** DATA SHOWN follows **

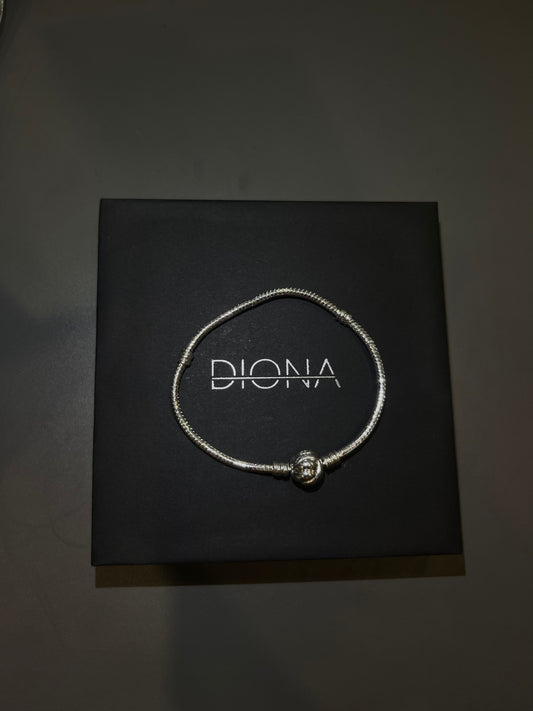 ΑσημI βραχιόλι με κούμπωμα κόμπο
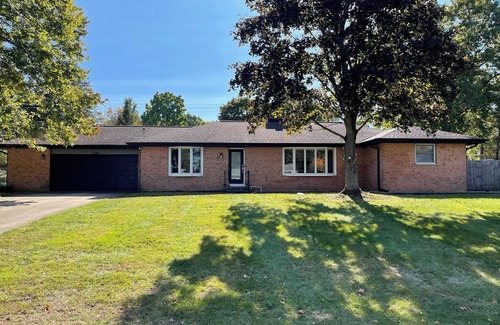 Kalamazoo House | "Newly appointed 3-bedroom home w/ AC, WiFi, 2.5 car garage, and large lawn!"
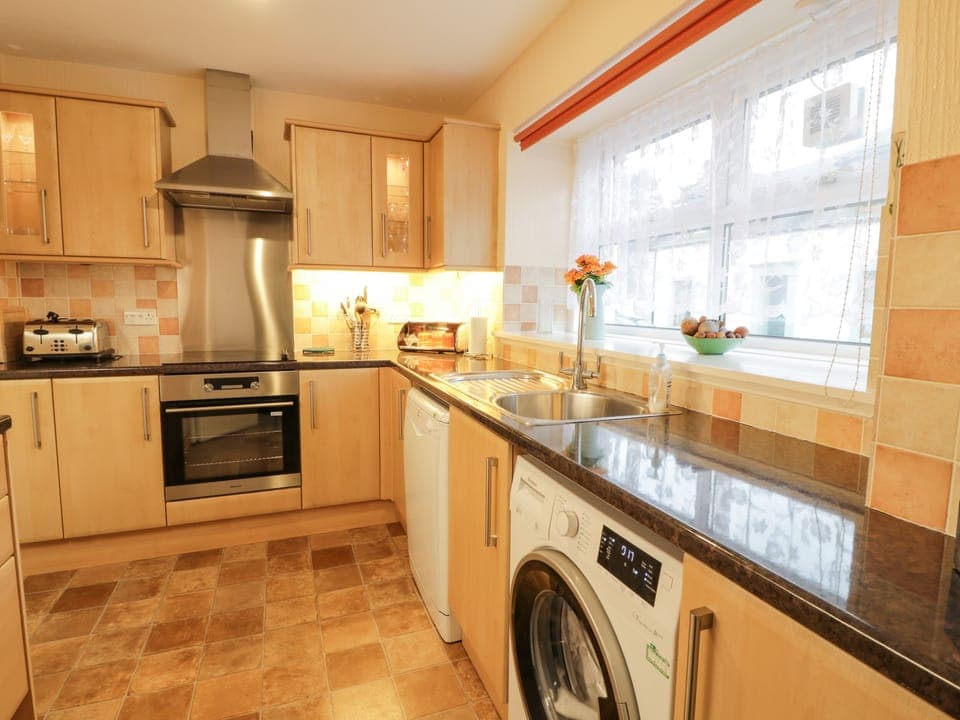 Fridge, dishwasher, cookware/dishes/utensils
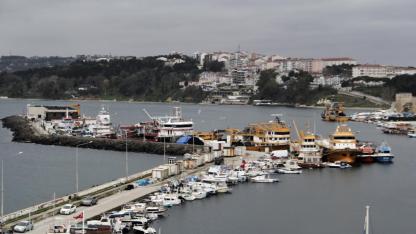 Yük gemileri Sinop Limanı’na sığındı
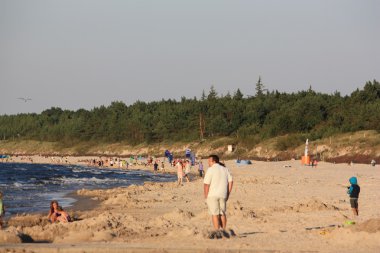 Plaj güneş su hava deniz kum dalgaları insanları tatil sunbather gökyüzü
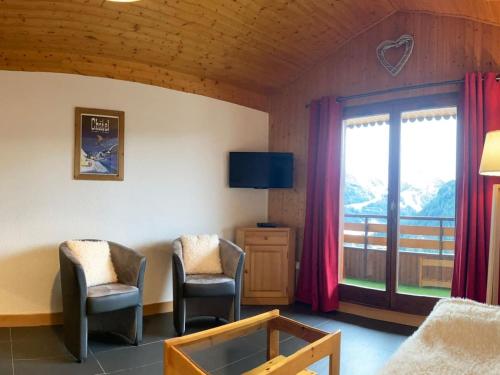 Chalet chaleureux à Châtel - Idéal 6 pers, 3 pièces, proche télésiège, WIFI, balcon sud, garage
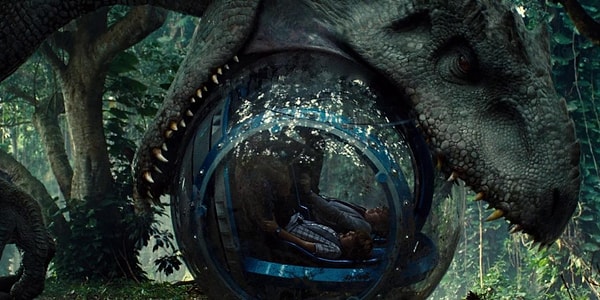 7. Мир Юрского периода, 2015 год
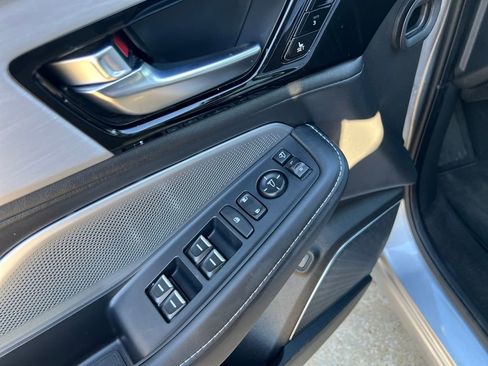 Used 2025 Acura MDX w/ Technology Package image 12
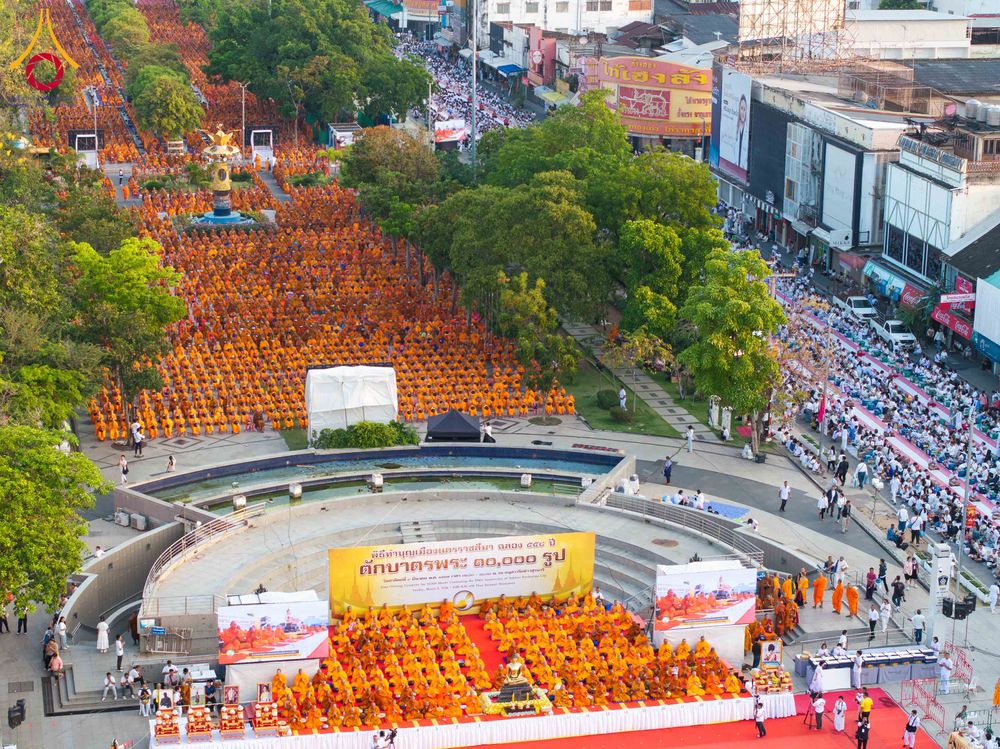 ภาพ No.312940:วันอาทิตย์ที่ 8 มีนาคม พ.ศ.2569 ทำบุญเมืองนครราชสีมา 558 ปี ตักบาตรพระ 10,000 รูป (ภาพชุดที่ 2)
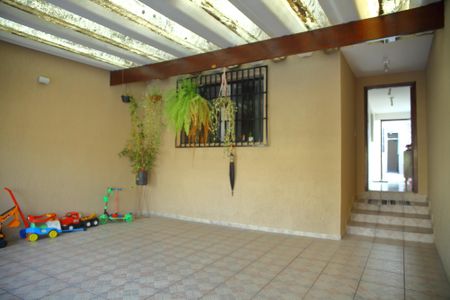 Casa à venda com 142m², 3 quartos e 2 vagasGaragem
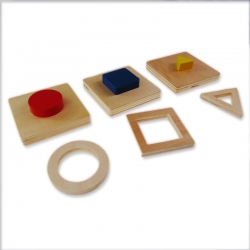 puzzle de 5 formes géométriques simples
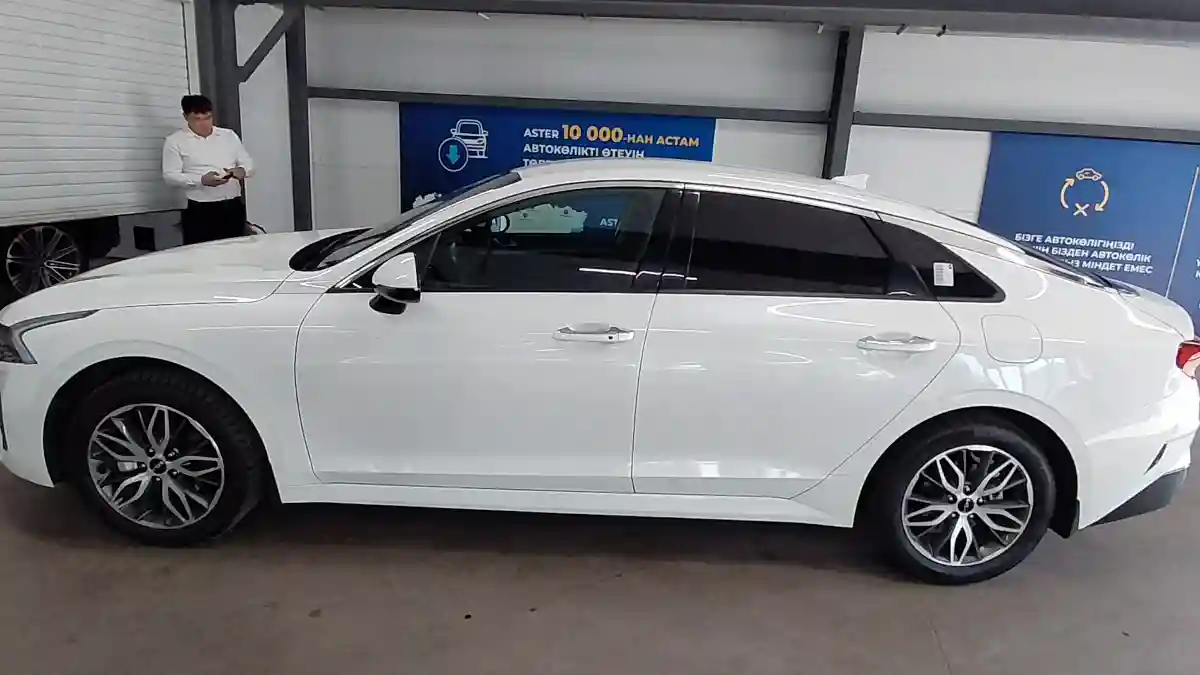 Kia K5 2024 года за 12 000 000 тг. в Астана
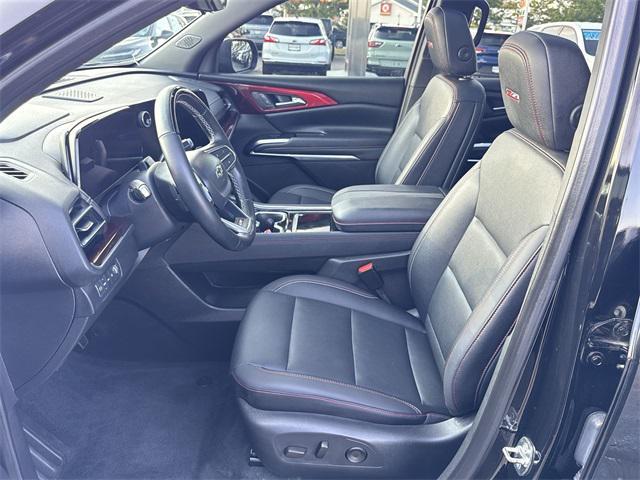 Photo of 2025 Mosaic Black Metallic Chevrolet Traverse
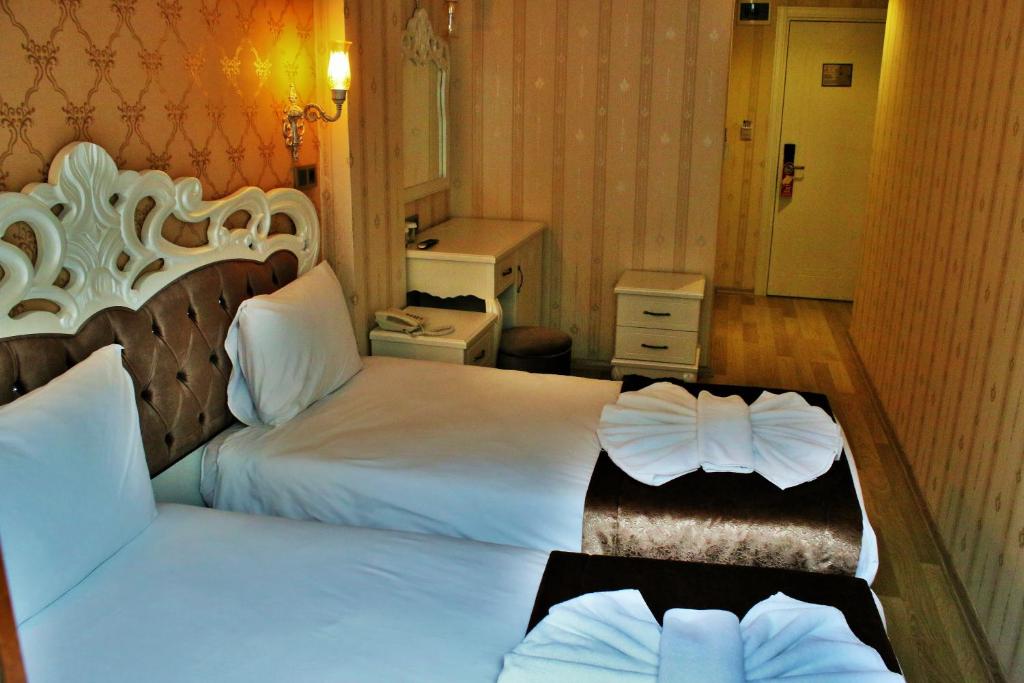A bed or beds in a room at Sultanahmet Newport Hotel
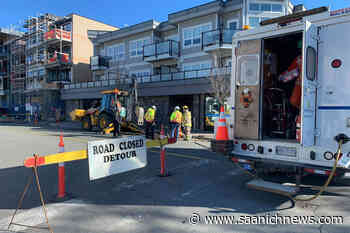 UPDATE: Road re-opens after crew hits gas line in Sidney, forcing evacuations – Saanich News - Saanich News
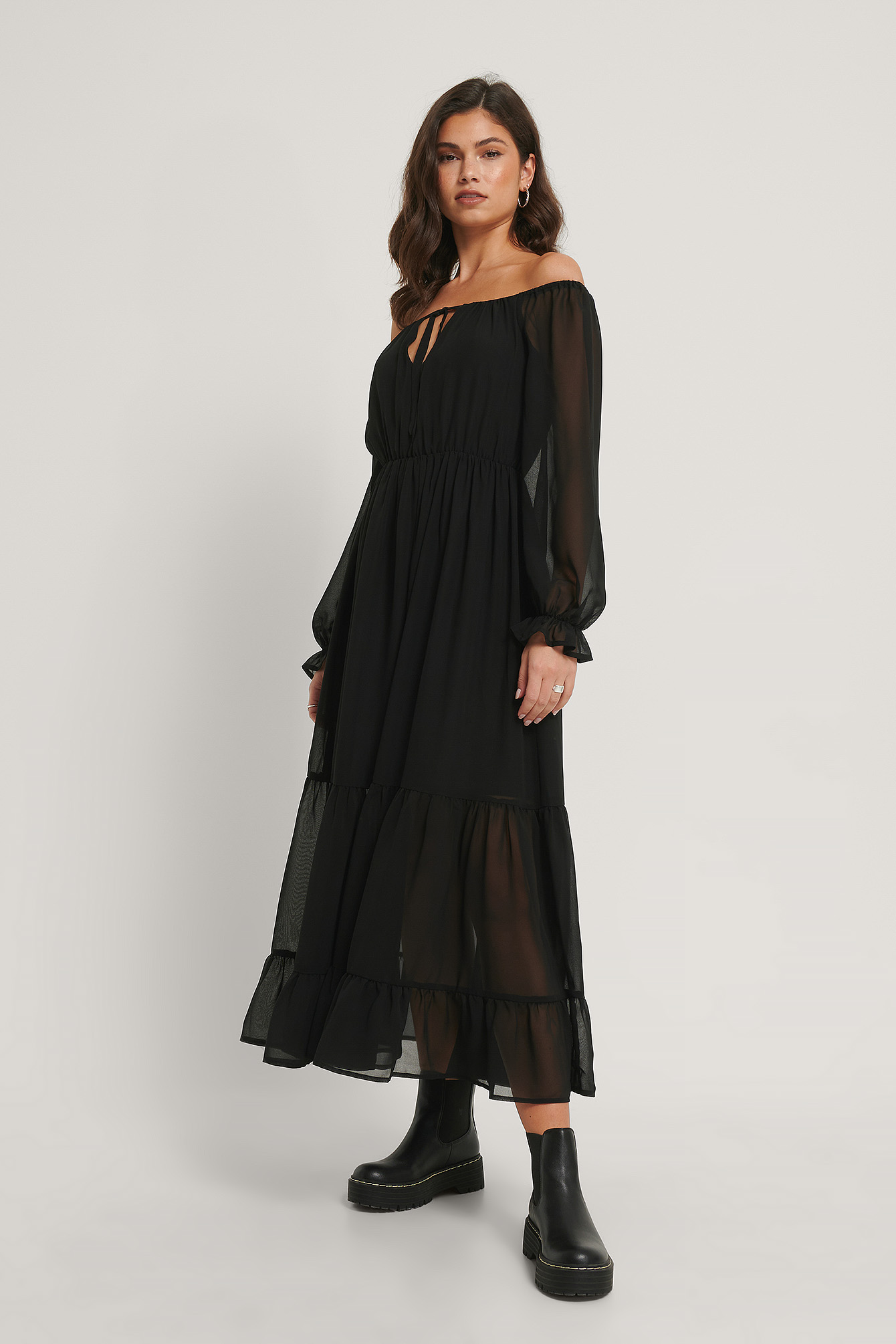 Black Robe Épaules Dénudées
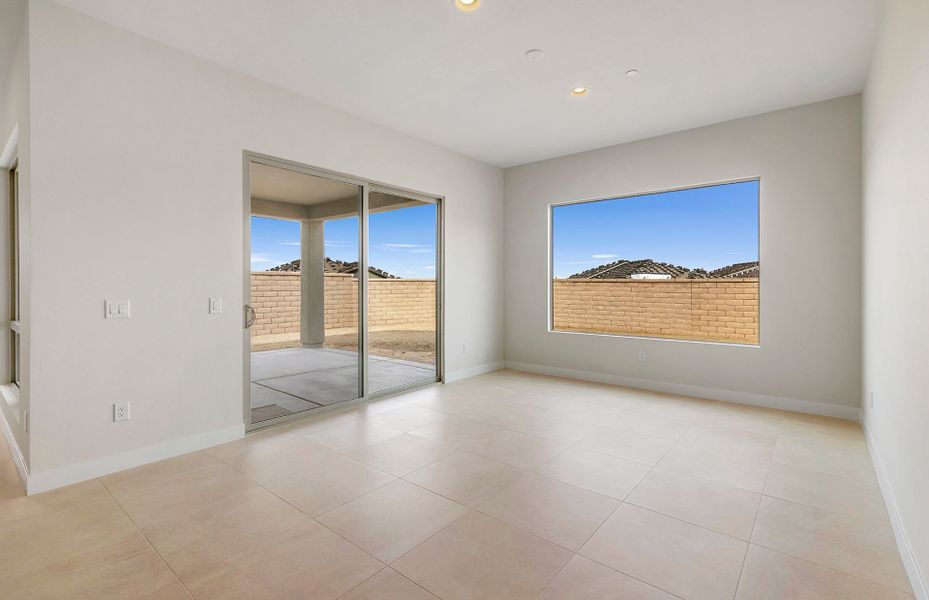 Spacious, unfurnished interior of a new home in Saguaro Reserve - Majesty, Marana (Image 29).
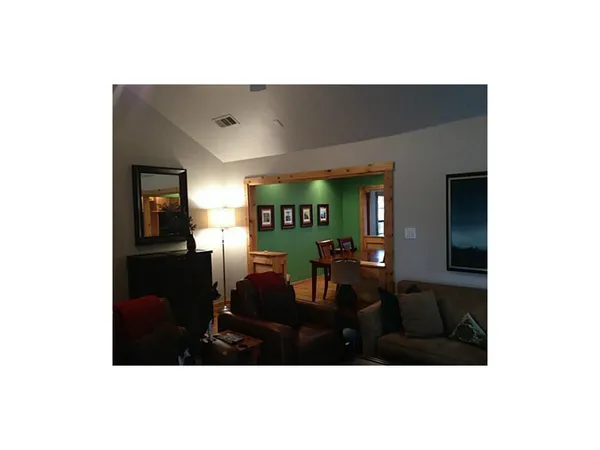 $2,400 | 3939 El Campo Avenue, Fort Worth, TX 76107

** End of DATA SHOWN **

All lines from the one containing "Spacious, unfurnished interior" through the final line of the entries above must be restated word for word, pictures excluded.

 Spacious, unfurnished interior of a new home in Saguaro Reserve - Majesty, Marana (Image 29).
 $2,400 | 3939 El Campo Avenue, Fort Worth, TX 76107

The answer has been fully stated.